Likewise, there is enough evidence on the role of mitochondrial dysfunction in pathophysiological features of diabetes, including insulin deficiency
and insulin resistance. Pancreatic beta cell failure has been reported to be associated with mitochondrial dysfunction and can be caused by exposure to pesticides (Jamshidi et al., 2009 and Pournourmohammadi et al., 2007). On the other hand, exposure to pesticides inhibiting complex I and III mitochondrial respiratory chain can lead to a diminished oxygen consumption and cellular energy supply which in turn can result in reduced insulin signaling cascade.
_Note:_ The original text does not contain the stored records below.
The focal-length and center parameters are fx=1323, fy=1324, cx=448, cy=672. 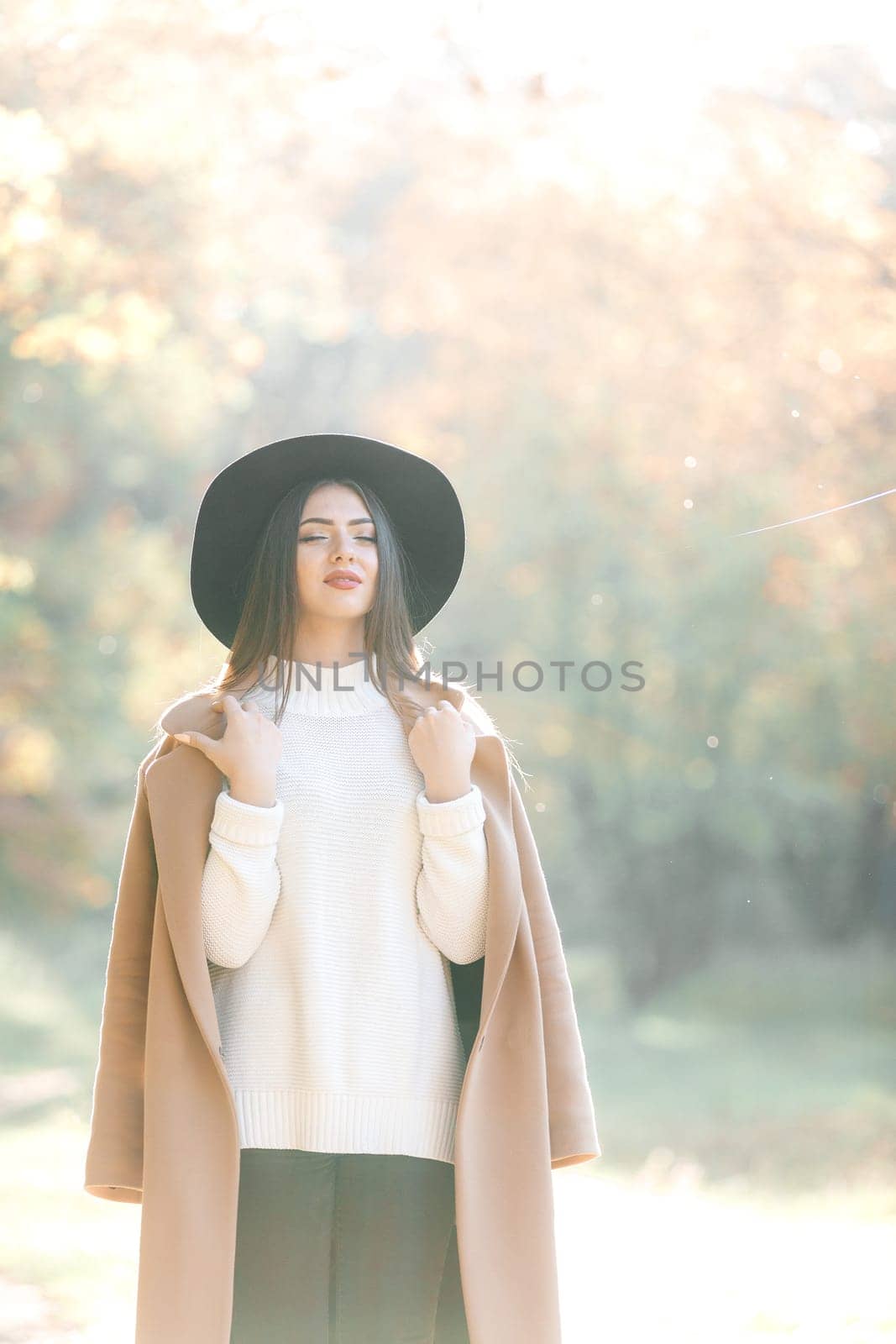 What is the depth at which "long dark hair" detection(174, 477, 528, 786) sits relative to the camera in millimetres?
1333

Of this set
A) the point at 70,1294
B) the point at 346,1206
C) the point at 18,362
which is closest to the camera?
the point at 346,1206

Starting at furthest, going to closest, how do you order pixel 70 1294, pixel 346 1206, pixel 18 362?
pixel 18 362 < pixel 70 1294 < pixel 346 1206

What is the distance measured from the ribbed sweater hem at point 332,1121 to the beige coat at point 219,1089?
0.09 ft

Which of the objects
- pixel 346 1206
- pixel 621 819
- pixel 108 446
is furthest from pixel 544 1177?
pixel 108 446

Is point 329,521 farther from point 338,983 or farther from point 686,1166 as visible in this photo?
point 686,1166

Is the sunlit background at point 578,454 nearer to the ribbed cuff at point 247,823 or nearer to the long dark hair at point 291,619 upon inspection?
the long dark hair at point 291,619

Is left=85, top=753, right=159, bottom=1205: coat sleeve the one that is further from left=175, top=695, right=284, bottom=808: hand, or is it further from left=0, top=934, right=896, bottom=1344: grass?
left=0, top=934, right=896, bottom=1344: grass

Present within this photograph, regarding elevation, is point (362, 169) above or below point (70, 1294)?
above

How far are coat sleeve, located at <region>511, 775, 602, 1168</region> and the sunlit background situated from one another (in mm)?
1193

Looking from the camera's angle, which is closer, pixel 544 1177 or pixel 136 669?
pixel 544 1177

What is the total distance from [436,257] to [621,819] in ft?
3.74

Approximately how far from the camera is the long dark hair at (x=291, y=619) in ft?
4.37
In this way, organochlorines, atrazine, and some dioxin-like pesticides have been shown to decrease mitochondrial capacity in beta oxidation of fatty acids resulting in accumulation of intracellular fat, a situation considered to develop obesity and insulin resistance (Lee, 2011 and Lim et al., 2009). Increased production of GSK2118436 ic50 ROS and/or decreased capacity of antioxidant Gefitinib defense can disrupt oxidative balance and result in damaging all components of the cell, including lipids, proteins, and DNA. Further, oxidative stress can disrupt various parts of cellular signaling because ROS are considered as one of the main messengers in redox signaling. However, the role of oxidative stress has been uncovered
in induction and development of different kinds of human diseases, including cancer, diabetes, neurodegeneration, atherosclerosis, schizophrenia, chronic fatigue syndrome, and renal and respiratory disorders (Ahmad et al., 2010, Ciobica et al., 2011, Fendri et al., 2006, Lushchak and Gospodaryov, 2012 and Nathan et al., 2011). On the other hand, there is a huge body of literature on induction of oxidative stress by pesticides, and it has been implicated in development of health problems mediated by exposure to pesticides (Grosicka-Maciag, 2011, Olgun
and Misra, 2006, Slaninova et al., 2009 and Soltaninejad and Abdollahi, 2009). It has been revealed that pesticides can disturb oxidative homeostasis through direct or indirect pathways, including mitochondrial or extramitochondrial production of free radicals, thiol GPX6 oxidation, and depletion of cellular antioxidant reservoirs (Abdollahi et al., 2004b, Abdollahi et al., 2004c, Braconi et al., 2010 and Mostafalou et al., 2012a). Considering the oxidative stress as a powerful promoter of other cellular pathways involved in disease process and as a unique attendant in inflammatory response, it has been put in the spotlight of the most mechanistic studies regarding the association of pesticide’s exposure with chronic disorders. Oxidative stress has been implicated in the onset and progression of pesticide induced Parkinson disease (Singh et al., 2007). In this regard, organochlorine pesticides have been reported to cause degeneration of dopaminergic neurons by an oxidative dependent pathway in Parkinson model (Kanthasamy et al., 2002 and Sharma et al., 2010).